Florence Foster Jenkins
Paramount Pictures

‘Florence Foster Jenkins’
Director:
Stephen Frears
Stars: Meryl Streep, Hugh Grant
Rating: PG-13
4 (out of 5) Globes

The title of one Florence Foster Jenkins compilation album is “The Glory (????) of the Human Voice.” That’s not very nice. Perhaps deservedly so. One of the worst singers to ever foolishly commit her voice to record, she was a society lady who, in the 1940s, had enough money to convince herself, and a bevy of yes-men and deaf dowagers, that she didn’t sing with the accuracy of a drunk, sweaty octopus trying to defuse a bomb. She even played Carnegie, thinking she was murdering Mozart and Verdi when she was actually murdering them. She died largely unaware she was an instant camp classic, nor that her recordings are good ways to clear out parties that have raged too long.

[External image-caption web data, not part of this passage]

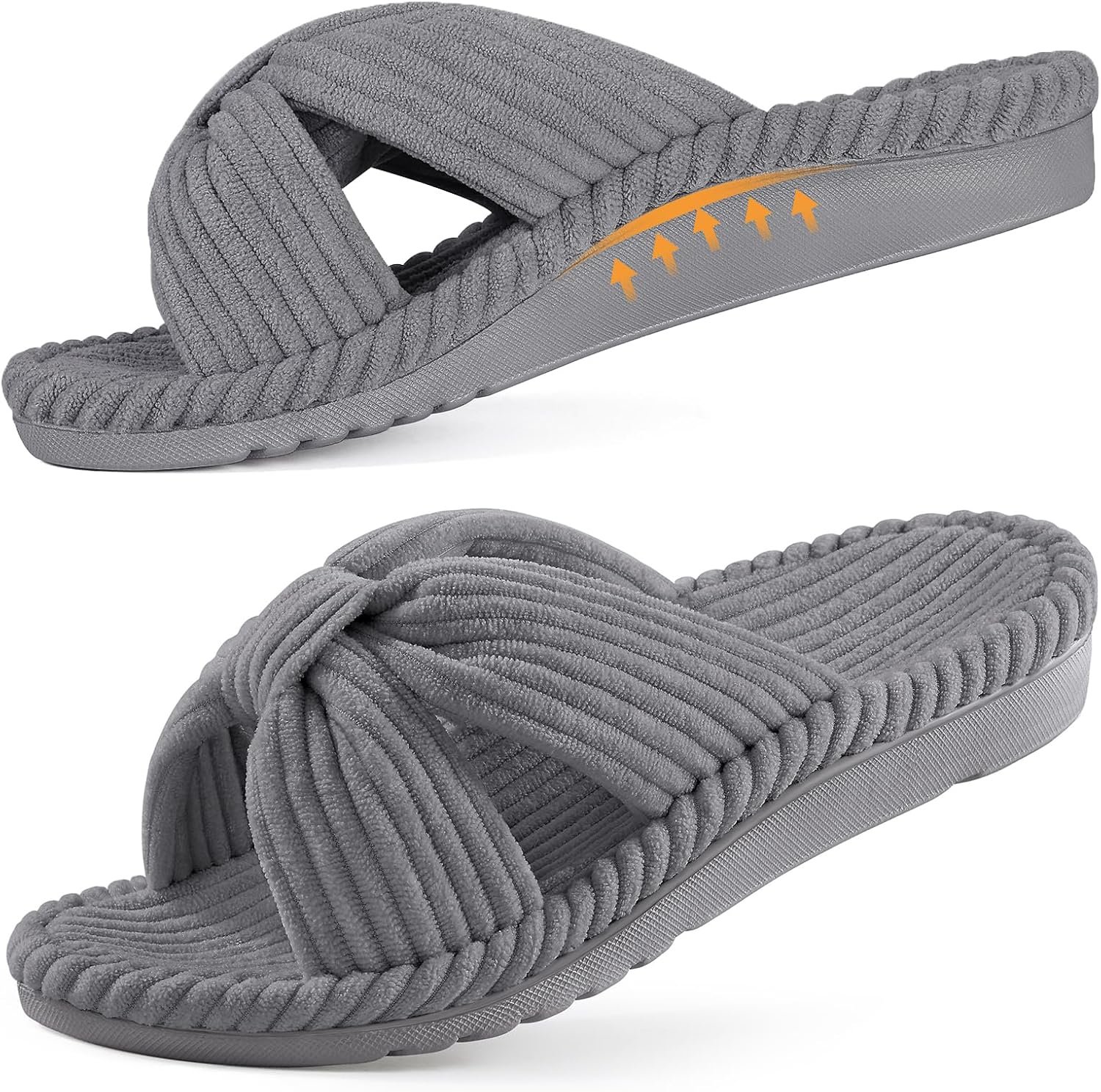 Litfun Orthopedic Arch Support Slippers for Women Comfortable Open Toe Indoor House Slippers Corduroy Cross Bow Bedroom Shoes for Plantar Fasciitis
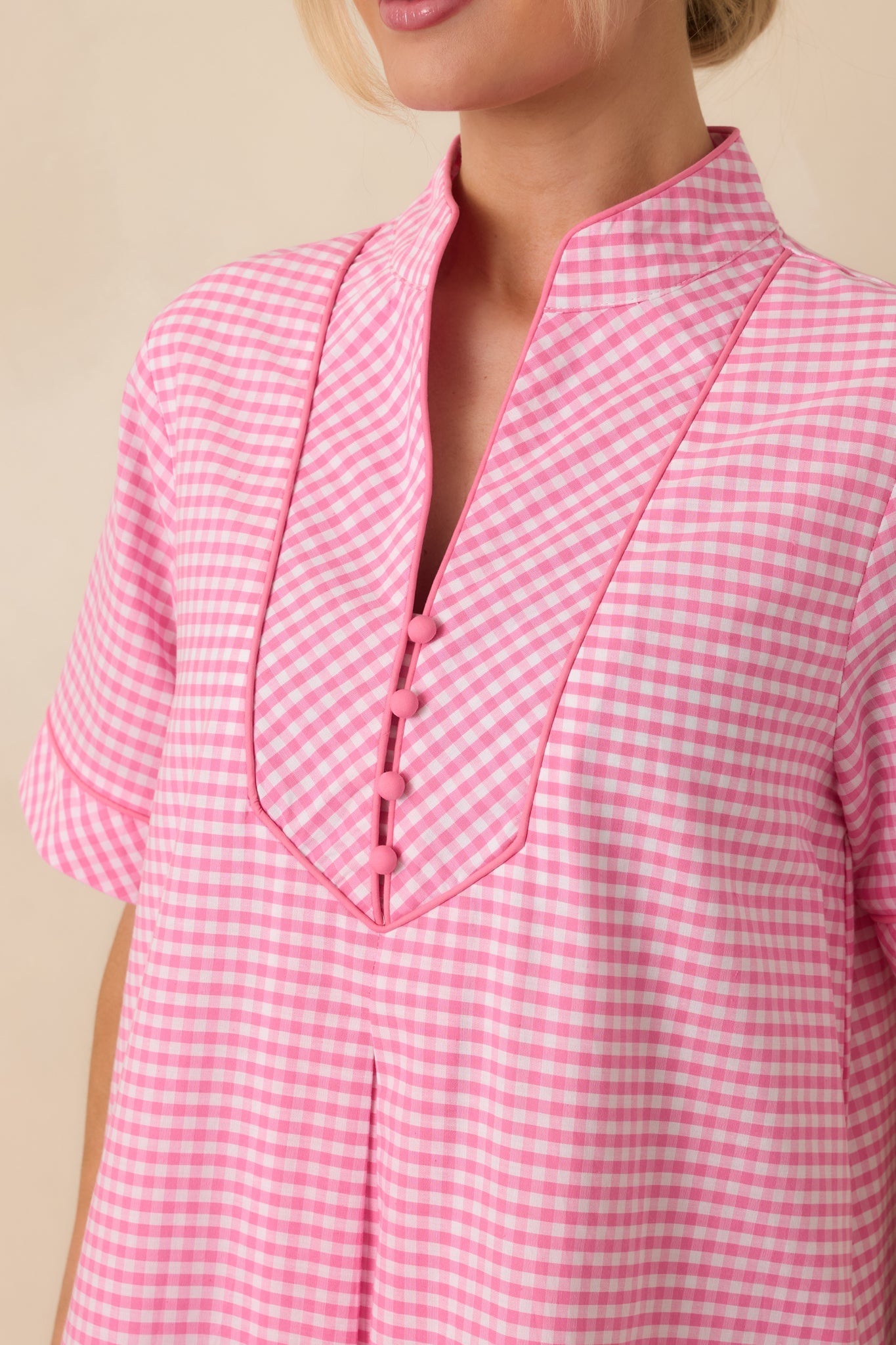Afternoon Plans Pink Gingham Cotton V-Neck Maxi Dress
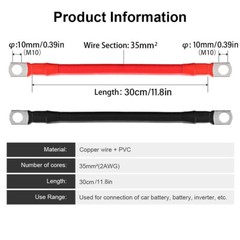 2PCS Copper Battery Cable Wire 2AWG with Lugs Auto Marine Inverter RV Solar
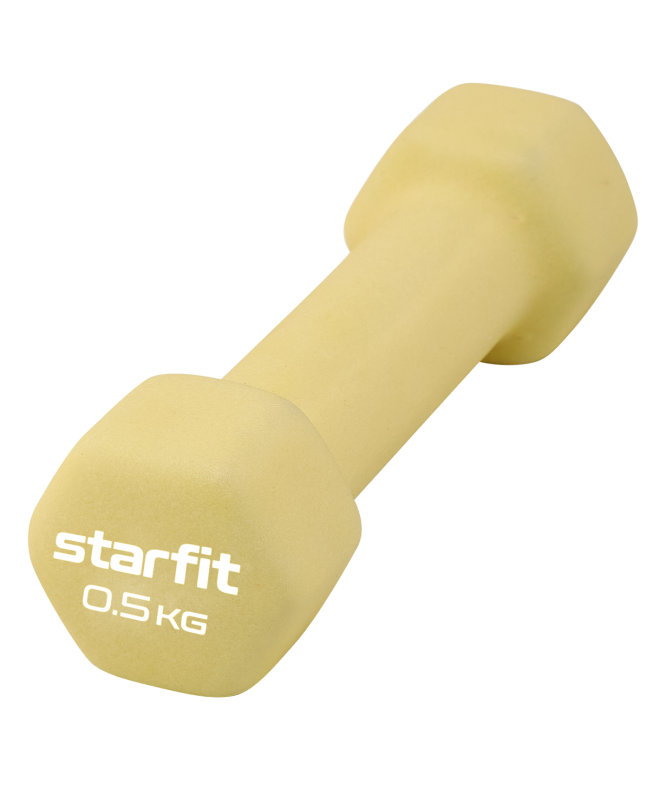 Гантель неопреновая DB-201 0,5 кг, желтый пастельный, Starfit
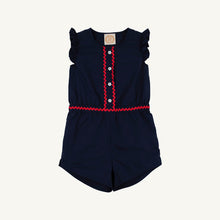 Load image into Gallery viewer, Marion Rose Romper - Nantucket Navy w/ Richmond Red - Broadcloth
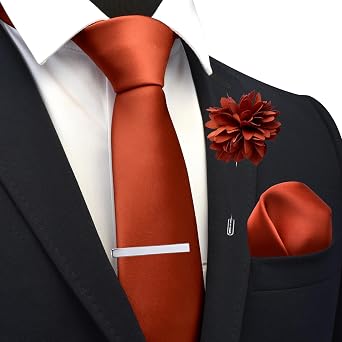 Branduce 3.15(8cm) Mens Tie and Lapel Pin Solid Necktie Handkerchief Tie Clip Set for Men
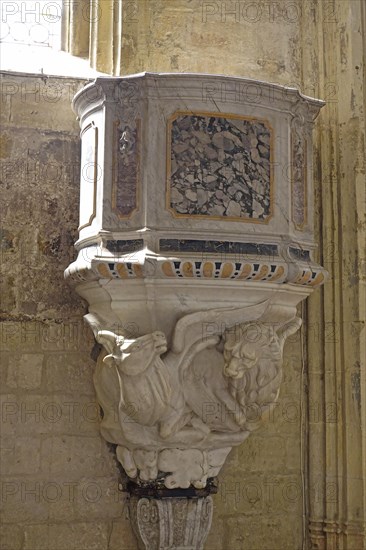 Pulpit in the side aisle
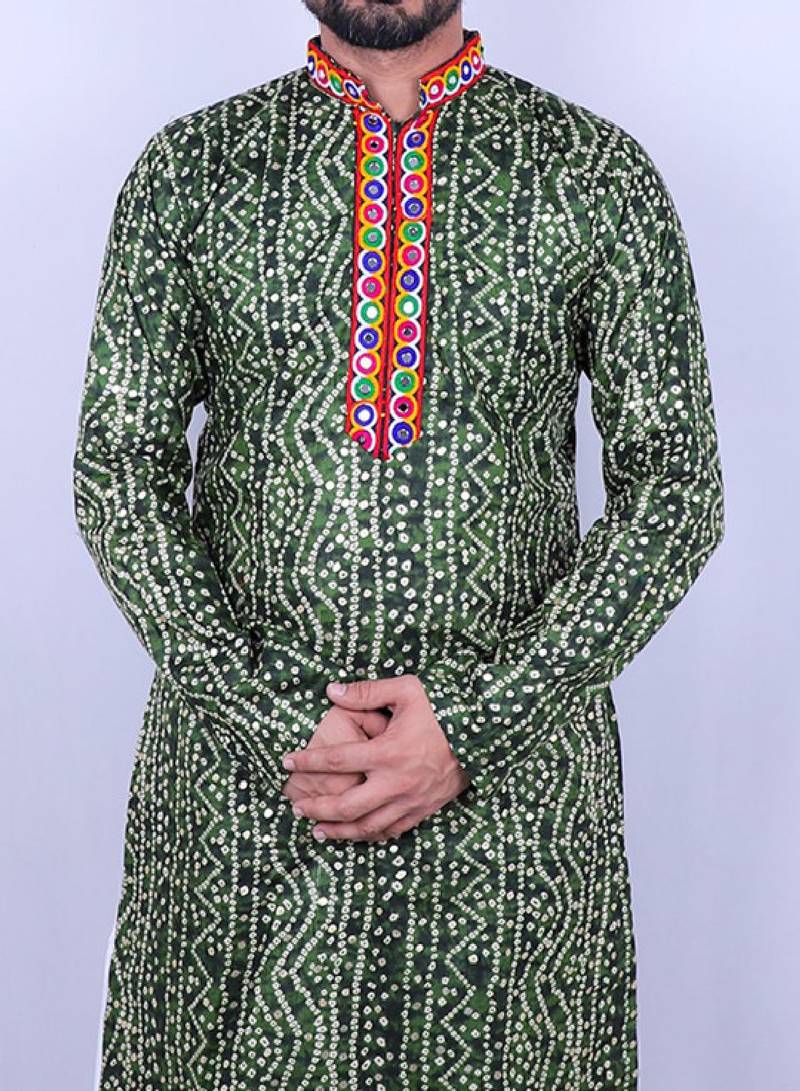 Bandhani printed mirror work mandarin collar straight kurta with salwar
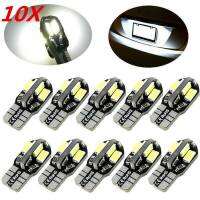 BHKASDI 10ชิ้น T10 12V 5730 8SMD LED หลอดไฟแบบกว้างลิ่มหลอดไฟติดรถยนต์ด้านข้าง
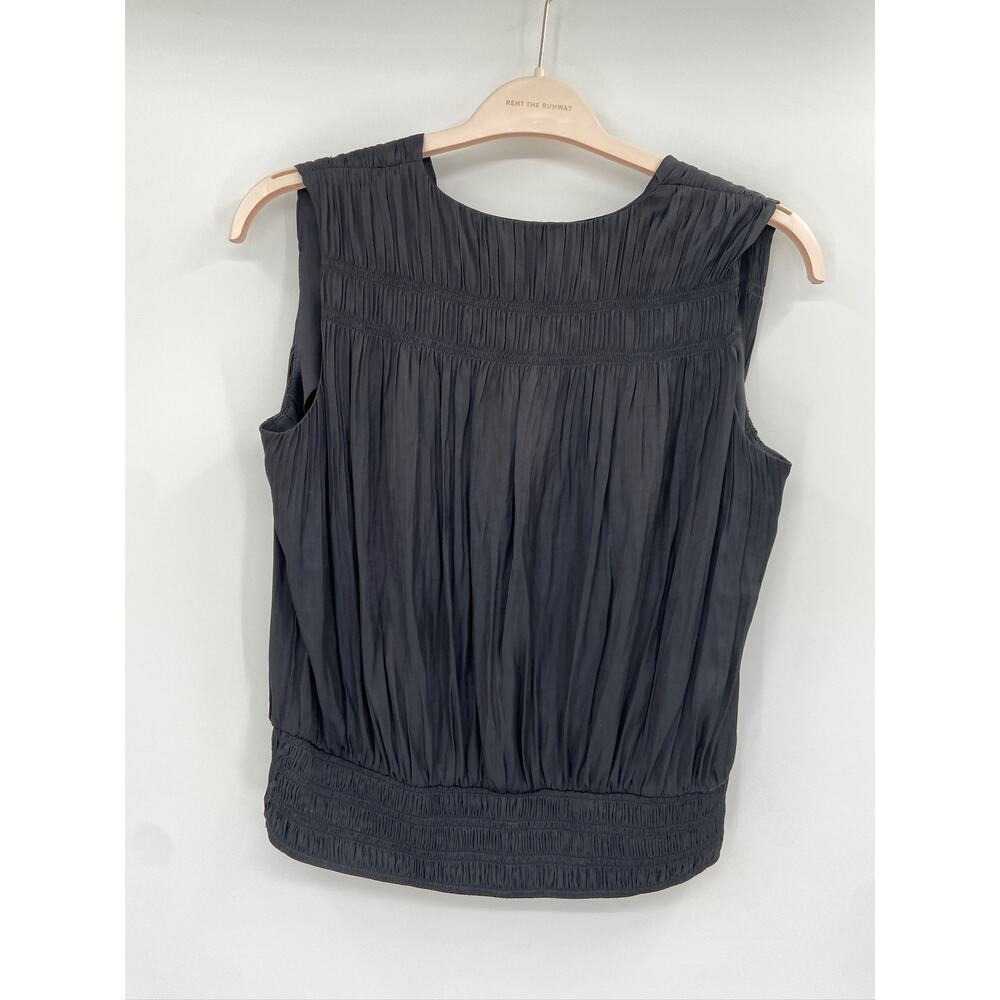 Frame Noir Black Pleated V-Neck Sleeveless Smocked Hem Top Size Small - Picture 6 of 6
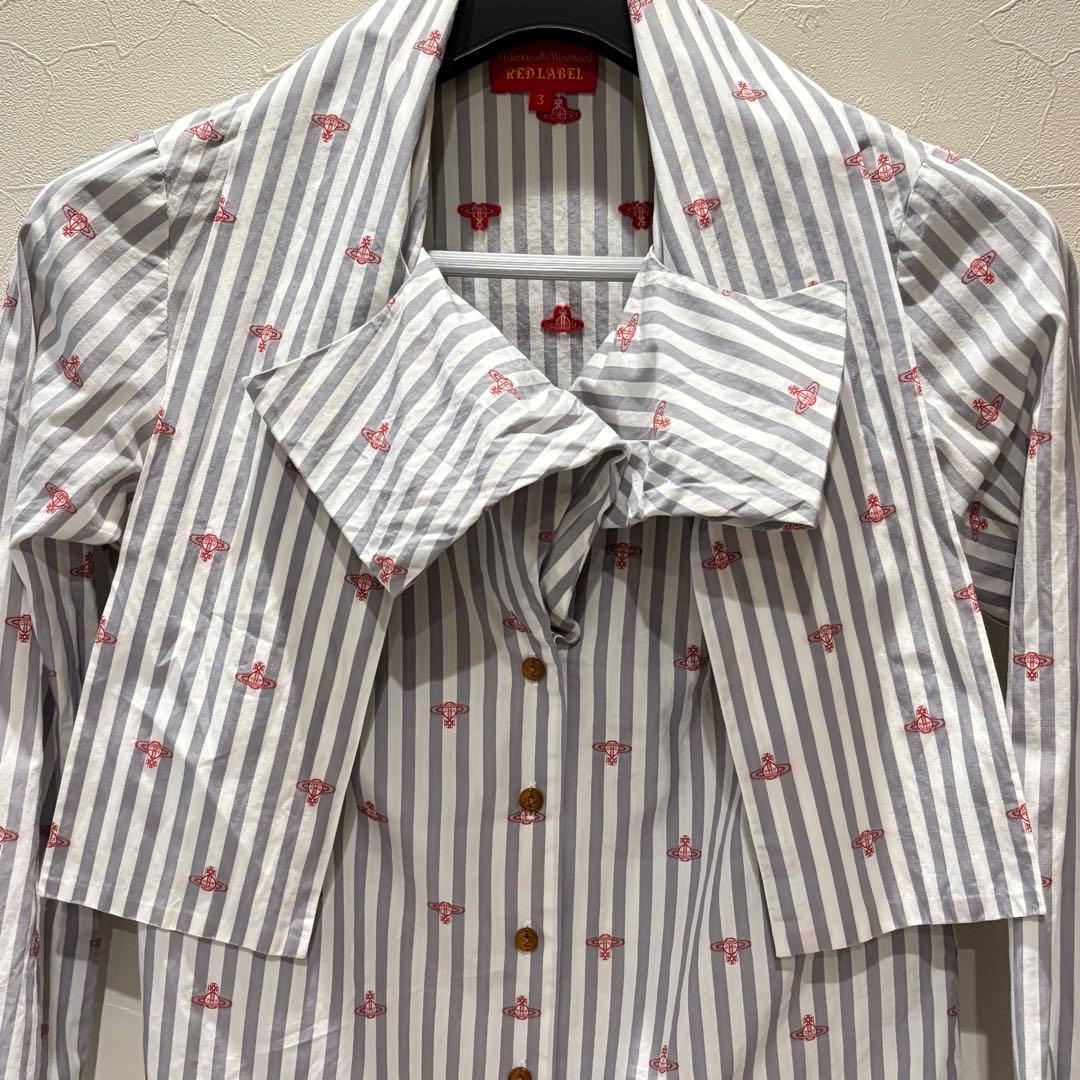 Vivienne Westwood RED LABELリボン付きストライプシャツ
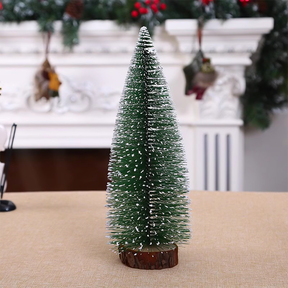 Mini Árvore de Natal com Base de Madeira 15cm/20cm – Decoração Charmosa e Compacta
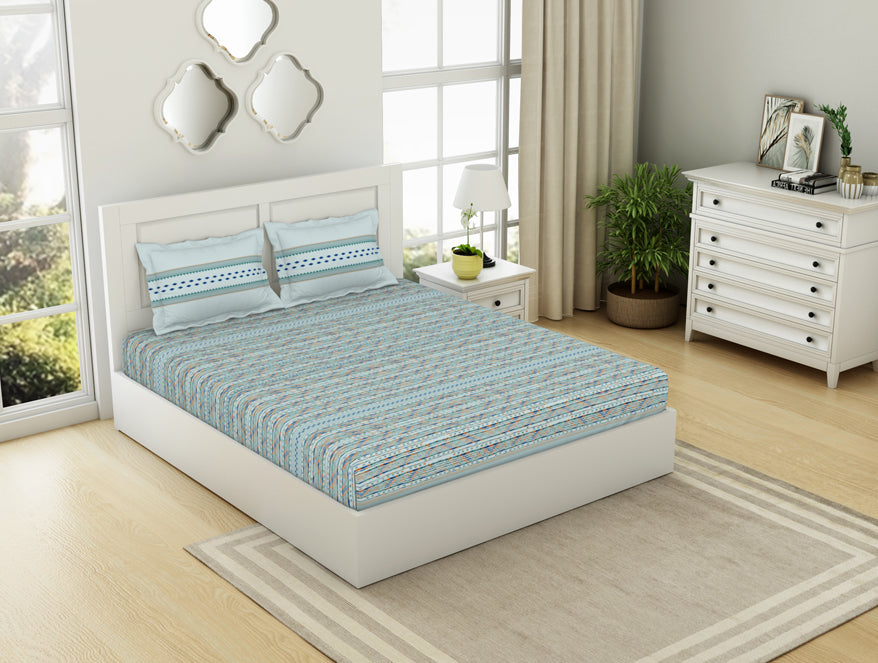 Geometric Iced Aqua - Light Blue 100% Cotton King Fitted Sheet - Gypsy By Spaces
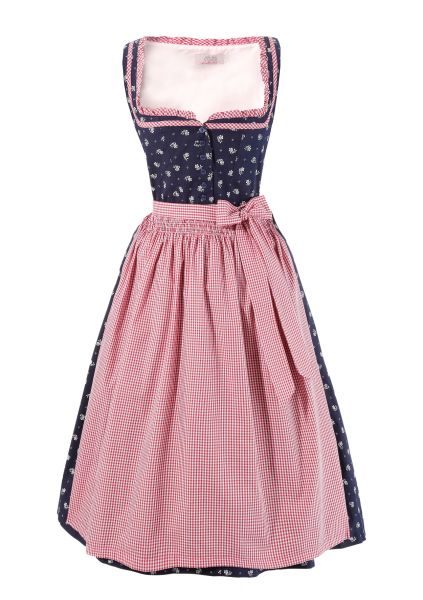 Dirndl midi 68cm Marktrodach dunkelblau blau rot 2 tlg. Naber Collection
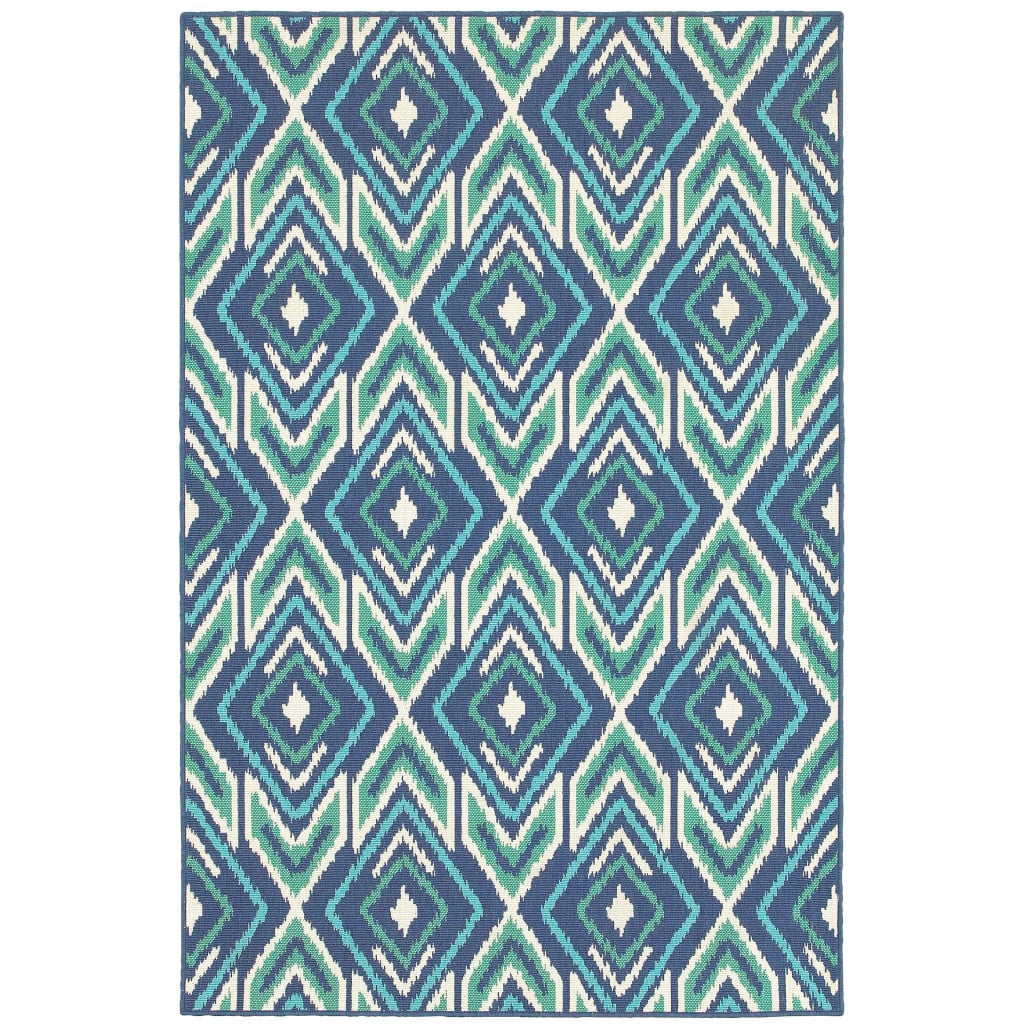 2 x 3 ft. Navy Geometric Stain Resistant Indoor & Outdoor Rectangle Area Rug - Blue and Ivory - 0.15in. H x 22.05in. W x 33.86in. D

The movie made of her life, starring no less than Meryl Streep, is much nicer. It walks a fine line between deep mockery and genuine empathy. It knows that Jenkins’ pitchless, rhythmless warble produced laughter the way bullets produce blood. But it also knows that doing nothing but snickering at her is wrong. So it plays it both ways, inviting you to laugh at her sprawling chasm of talent while understanding that an epic lack of self-awareness is the only thing keeping her from being tragic.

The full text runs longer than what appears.